Govt ups ante against illegal logging, mining and plantations
Adianto P. Simamora
The Jakarta Post
President Susilo Bambang Yu-dhoyono has pledged to intensify the government’s battle against companies operating illegally in rainforests to cut forest losses and help regain the trust of foreign countries.
The government is currently revising a 2005 presidential instruction on illegal logging.
The draft expanded the definition of violations including illegal mining and illicit forest encroachment.
“They are the main causes of forest losses and the players are easy to detect because most are large companies,” Hadi Daryanto, director general of production forest development at Forestry Ministry told The Jakarta Post recently.
He said the regulation revision also aimed to fulfill pledges made in the carbon trade deal between Indonesia and Norway.

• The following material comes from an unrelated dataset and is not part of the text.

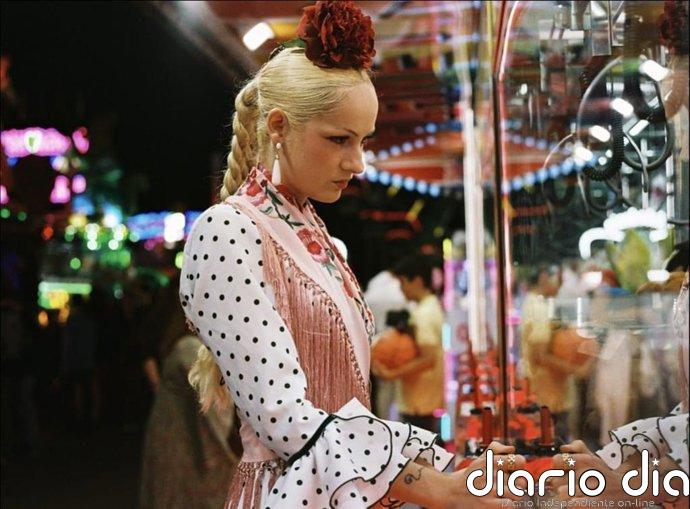 Ayuntamiento de Sevilla presenta la exposición fotográfica 'Periferia' del fotógrafo y director francés Julien Soulier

Forestry Minister Zulkifli Hasan said that some 2 million hectares of forest land had been illegally converted into oil palm plantations, mostly in Kalimantan and Sumatra.

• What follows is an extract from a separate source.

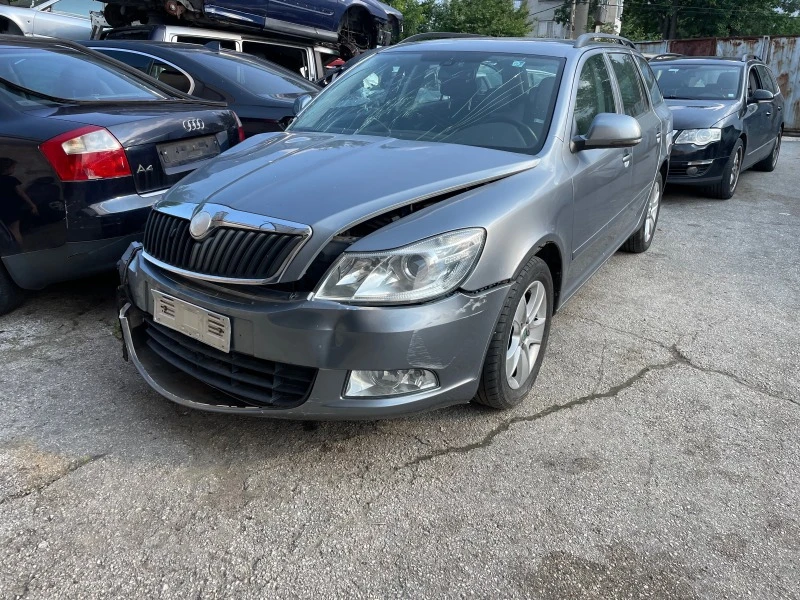 Skoda Octavia 1.6TDI, снимка 1 - Автомобили и джипове - 41354943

The ministry said it found around 800 mining and palm oil companies operating without legal permits.
The new presidential instruction is expected to be implemented early next year, in line with the carbon deal preparation phase.
The government in 2011 plans to stop issuing new permits on activities in natural forests and peat lands to help slow rates of deforestation and degradation, which currently stand at more than 1 million hectares per year.

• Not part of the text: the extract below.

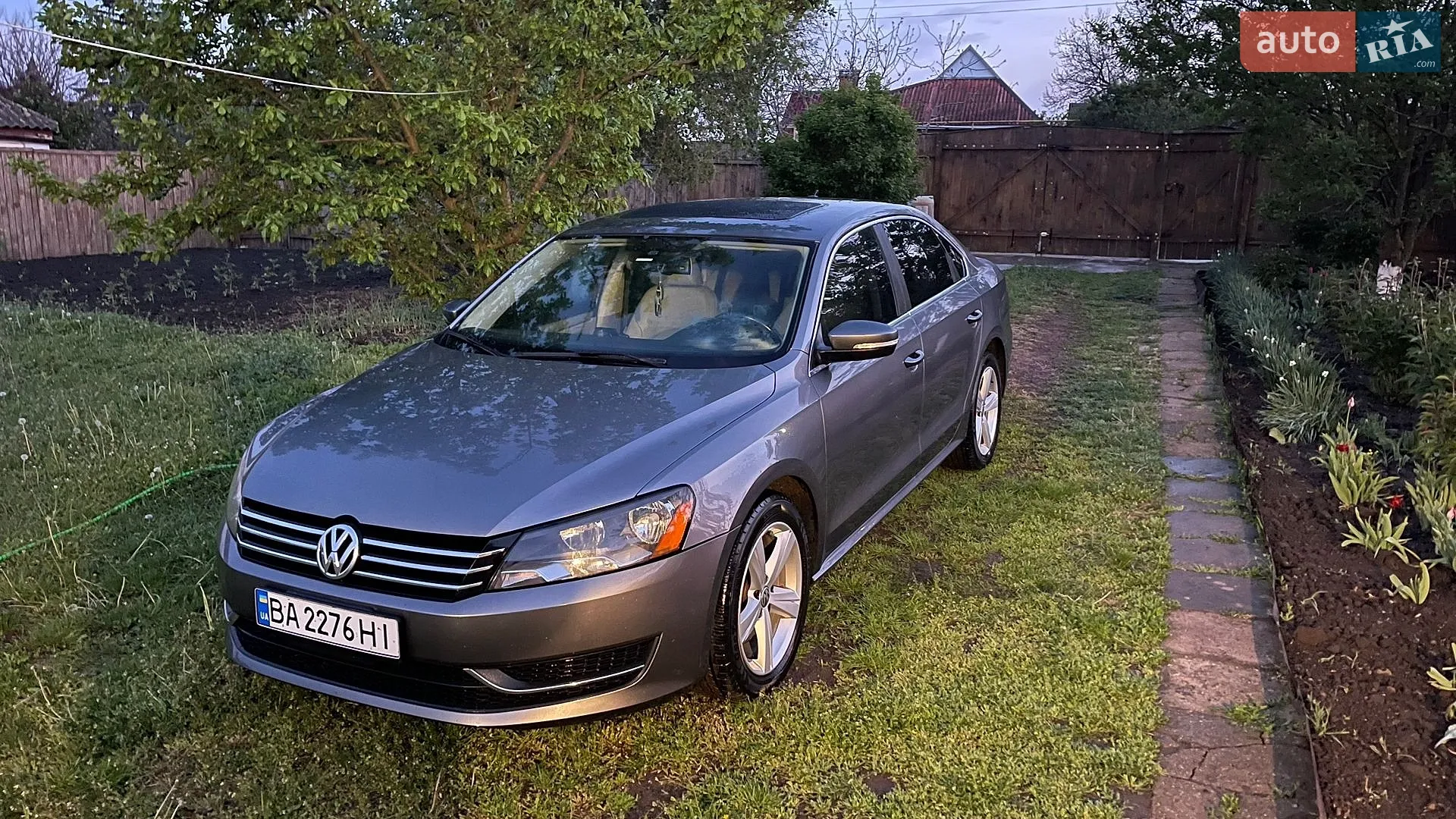2012 Volkswagen Passat - фото 1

The US$1-billion Indonesia-Norway deal stipulates Indonesia’s obligation to enforce existing laws against illegal logging, timber trading and other forest-related crimes and set up a special unit to tackle the problem.
Hadi said the government aimed to curb larger companies rather than local residents, who sometimes enter forested areas to run small-scale operations like rice farms or small oil palm plantations.
The government has long been under pressure to enforce laws on rampant illegal logging and the unlawful expansion of mining and oil plantations in forests.
Minister Hasan took an unscheduled visit to Kalimantan and Sumatra to inspect forest losses and said he found a number of mining companies operating in forests illegally without licenses on hand.
The director general of forest protection and conservation at the Forestry Ministry, Darori, earlier said the revision also meant to strengthen coordination between sectors to make combating illegal business more effective.